発表要旨(8) 北川香子 Kitagawa Takako
「阮朝期(19世紀中葉)クメール・クロム村落の字喃-クメール併記文書について」
“Chu Nom - Khmer documents of Khmer Krom villages under Nguyen Dynasty (mid 19th century) ”
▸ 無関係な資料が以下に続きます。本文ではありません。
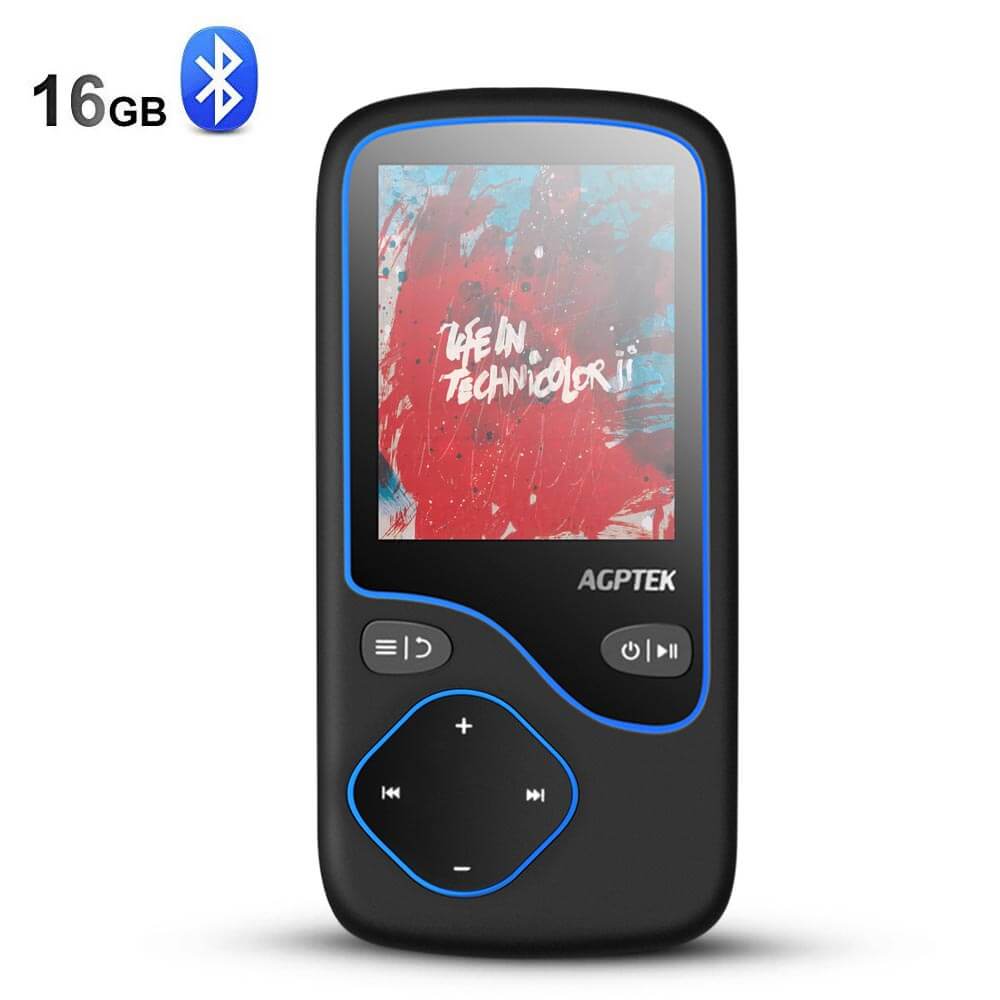 Sport HiFi Musik Player AGPTEK Bluetooth 4.0 16GB MP3 Player mit Clip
ギメ美術館所蔵文書Fonds chinois 74453-3および7には、紹治七年(1847年)の字喃・クメール文字併記文書8点が含まれている。1点は同一のベトナム語文が字喃とクメール文字で記されており、それ以外は字喃でベトナム語文、クメール文字でクメール語文が記されている。またベトナム第2国家公文書館は、字喃表記のベトナム語文とク メール文字表記のクメール語文が併記された、1868年の巴川府豊盛縣盛和總安息村の土地人丁台帳を所蔵している。報告者は現在、学習院大学東洋文化研究 所の一般研究プロジェクト「ベトナム・阮朝アーカイブズに関する基礎的研究」の一環として、慶應義塾大学言語文化研究所の嶋尾稔教授とともに、これらの解読作業を進めている。本研究会では上記の字喃・クメール文字併記文書の概要と、現時点での解読成果を報告したい。